(Ilustración: Giovanni Tazza).
(Ilustración: Giovanni Tazza).
Enzo Defilippi

Profesor de la Universidad del Pacífico

Entre todas las frasecitas hechas y lugares comunes que abundan en los reportes económicos (y que hacen que sea un suplicio leerlos) hay una que se me viene a la mente en esta época en la que la salud de la economía mundial se está deteriorando: que nuestra economía va a enfrentar “condiciones retadoras” en el futuro. Eso, en buen cristiano, quiere decir que las cosas se han puesto color de hormiga. Que ya van 15 minutos del segundo tiempo y vamos perdiendo dos a cero. Que si bien nada está perdido (ya sabemos, “el partido dura 90 minutos”, “son once contra once”, etc.), cada segundo que pasa es más difícil salir airosos de esta.

Los síntomas que anuncian los tiempos difíciles se han ido asomando, uno a uno, por el horizonte: el oro ha subido, las cotizaciones del cobre y el petróleo han caído, el rendimiento de los principales bonos soberanos se ha vuelto negativo, la curva de rendimientos en Estados Unidos se ha invertido y el Bundesbank ha advertido que la economía alemana probablemente entrará pronto en recesión. Por separado, cada uno de estos eventos puede tener un significado particular. Pero juntos implican que estamos más cerca de sufrir un tercer gol que de empatar el partido.

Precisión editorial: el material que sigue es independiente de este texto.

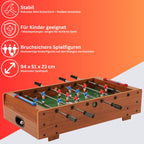 Bandito - Mini-Kicker mit Teleskopstangen Tischaufleger 94 x 51 x 23 cm Braun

Es normal que las economías pasen por ciclos consecutivos de crecimiento y recesión. De hecho, existe una extensa literatura académica sobre las causas y funcionamiento de los ciclos económicos. Pero lo que hace que la recesión global que podría ocurrir en los siguientes meses sea particularmente preocupante es que, de suceder (recémosle a la Sarita que no), no se habría producido por causas, digamos, “naturales”, sino que habría sido inducida (al menos en un porcentaje sustancial) por malas decisiones de política económica; sobre todo, de Estados Unidos. Sabemos cómo atacar aquellas que ocurren como parte del ciclo económico (una combinación de política fiscal expansiva y estímulos monetarios). Pero la que probablemente se viene, nadie está seguro. Menos aún en un contexto como el actual en el que no se sabe con certeza cuántos esqueletos tiene la economía china escondidos en el clóset (los que no podría esconder más si ralentiza su crecimiento), el crecimiento en Europa ha sido tan magro que el Banco Central Europeo aún no empieza a retirar el estímulo monetario que dio hace 10 años, y las tasas de interés están por debajo de lo que deberían estar para que el efecto de reducirlas sea potente.

En el Perú, el Banco Central viene reduciendo la tasa de interés de referencia. Aunque eso es lo que toca hacer, esa es la parte fácil. Lo difícil va a ser tener que implementar una política fiscal expansiva (es decir, que el Estado impulse la actividad económica adquiriendo bienes y servicios) cuando la capacidad de ejecución de la inversión pública se ha venido deteriorando desde el 2016. Si nuestros funcionarios vienen mostrando problemas para ejecutar el presupuesto ya asignado, ¿cuán realista es esperar que ejecuten, a tiempo, uno mayor?

Nuestro país cuenta con las fortalezas macroeconómicas (otra frase cliché) para enfrentar una recesión global. Pero de producirse una, sí o sí nos va a pegar. Le toca al Gobierno decirnos cómo va a hacer para que sus efectos duren lo menos posible.